Dataset entries
————————
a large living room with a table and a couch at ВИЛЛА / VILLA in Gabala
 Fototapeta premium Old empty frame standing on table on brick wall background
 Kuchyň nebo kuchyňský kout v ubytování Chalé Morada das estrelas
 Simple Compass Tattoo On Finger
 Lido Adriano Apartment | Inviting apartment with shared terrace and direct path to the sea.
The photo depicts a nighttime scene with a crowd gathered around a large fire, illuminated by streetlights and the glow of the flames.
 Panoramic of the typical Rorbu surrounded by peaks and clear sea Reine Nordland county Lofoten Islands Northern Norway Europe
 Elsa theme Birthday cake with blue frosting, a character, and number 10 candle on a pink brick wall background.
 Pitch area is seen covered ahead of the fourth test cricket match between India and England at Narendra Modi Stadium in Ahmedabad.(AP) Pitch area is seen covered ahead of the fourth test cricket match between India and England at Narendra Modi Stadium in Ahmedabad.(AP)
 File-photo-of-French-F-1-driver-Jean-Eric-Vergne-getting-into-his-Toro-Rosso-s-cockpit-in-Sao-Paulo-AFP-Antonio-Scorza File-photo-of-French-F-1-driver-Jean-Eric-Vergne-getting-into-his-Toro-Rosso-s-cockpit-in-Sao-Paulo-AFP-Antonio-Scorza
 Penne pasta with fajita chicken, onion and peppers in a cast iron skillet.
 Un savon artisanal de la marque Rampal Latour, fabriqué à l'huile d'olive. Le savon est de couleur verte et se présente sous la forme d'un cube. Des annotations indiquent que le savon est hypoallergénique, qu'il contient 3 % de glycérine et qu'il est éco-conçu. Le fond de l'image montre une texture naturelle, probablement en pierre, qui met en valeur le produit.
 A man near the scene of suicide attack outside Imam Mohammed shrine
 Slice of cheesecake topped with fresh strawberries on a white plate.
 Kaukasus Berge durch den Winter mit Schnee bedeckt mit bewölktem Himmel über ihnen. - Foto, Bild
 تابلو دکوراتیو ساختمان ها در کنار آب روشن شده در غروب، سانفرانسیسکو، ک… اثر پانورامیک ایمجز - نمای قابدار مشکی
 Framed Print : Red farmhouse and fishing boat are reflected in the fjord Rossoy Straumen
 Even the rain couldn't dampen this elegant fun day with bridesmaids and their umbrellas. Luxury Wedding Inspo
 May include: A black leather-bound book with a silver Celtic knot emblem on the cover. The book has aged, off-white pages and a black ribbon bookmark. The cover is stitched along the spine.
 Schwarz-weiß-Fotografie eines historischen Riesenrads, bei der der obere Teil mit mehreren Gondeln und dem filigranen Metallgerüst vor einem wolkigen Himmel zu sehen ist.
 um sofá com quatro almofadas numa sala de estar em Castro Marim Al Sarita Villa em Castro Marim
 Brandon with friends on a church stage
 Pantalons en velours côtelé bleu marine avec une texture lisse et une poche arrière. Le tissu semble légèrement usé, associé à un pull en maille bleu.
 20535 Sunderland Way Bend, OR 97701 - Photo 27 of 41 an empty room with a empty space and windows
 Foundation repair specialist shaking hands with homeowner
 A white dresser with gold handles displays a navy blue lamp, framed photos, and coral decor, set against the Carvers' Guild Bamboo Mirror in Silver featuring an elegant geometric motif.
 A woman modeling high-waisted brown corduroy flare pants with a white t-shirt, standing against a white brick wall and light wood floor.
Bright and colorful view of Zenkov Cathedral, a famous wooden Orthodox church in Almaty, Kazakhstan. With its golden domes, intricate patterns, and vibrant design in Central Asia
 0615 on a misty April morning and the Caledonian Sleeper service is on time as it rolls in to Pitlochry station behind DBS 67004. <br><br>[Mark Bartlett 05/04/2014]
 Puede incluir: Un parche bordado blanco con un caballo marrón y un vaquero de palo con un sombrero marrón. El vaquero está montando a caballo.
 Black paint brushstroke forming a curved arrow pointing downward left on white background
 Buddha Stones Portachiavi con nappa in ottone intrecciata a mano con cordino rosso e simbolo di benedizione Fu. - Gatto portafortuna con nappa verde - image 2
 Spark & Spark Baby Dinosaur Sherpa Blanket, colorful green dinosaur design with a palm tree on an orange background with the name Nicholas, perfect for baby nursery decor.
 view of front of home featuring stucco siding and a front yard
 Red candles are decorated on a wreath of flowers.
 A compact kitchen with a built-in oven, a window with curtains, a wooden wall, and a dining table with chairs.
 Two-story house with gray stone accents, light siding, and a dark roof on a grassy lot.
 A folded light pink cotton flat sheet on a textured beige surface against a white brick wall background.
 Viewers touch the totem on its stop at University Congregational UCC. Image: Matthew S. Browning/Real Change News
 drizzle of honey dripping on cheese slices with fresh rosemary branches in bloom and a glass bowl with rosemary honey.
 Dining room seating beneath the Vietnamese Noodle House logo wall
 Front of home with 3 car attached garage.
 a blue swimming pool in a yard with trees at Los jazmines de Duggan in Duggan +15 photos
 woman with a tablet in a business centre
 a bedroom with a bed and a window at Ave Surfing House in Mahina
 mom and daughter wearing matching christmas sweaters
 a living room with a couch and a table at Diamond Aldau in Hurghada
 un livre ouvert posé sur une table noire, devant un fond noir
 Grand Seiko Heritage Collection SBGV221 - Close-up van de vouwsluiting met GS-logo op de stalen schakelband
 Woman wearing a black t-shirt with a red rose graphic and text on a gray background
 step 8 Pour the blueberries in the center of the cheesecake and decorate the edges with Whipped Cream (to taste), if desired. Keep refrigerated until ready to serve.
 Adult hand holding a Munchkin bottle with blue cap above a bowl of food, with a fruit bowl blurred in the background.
————————
■ **Your goal**: Please show the lines in the entries above that hold the string "cheesecake".

■ **Exercise output**:
 Slice of cheesecake topped with fresh strawberries on a white plate.
 step 8 Pour the blueberries in the center of the cheesecake and decorate the edges with Whipped Cream (to taste), if desired. Keep refrigerated until ready to serve.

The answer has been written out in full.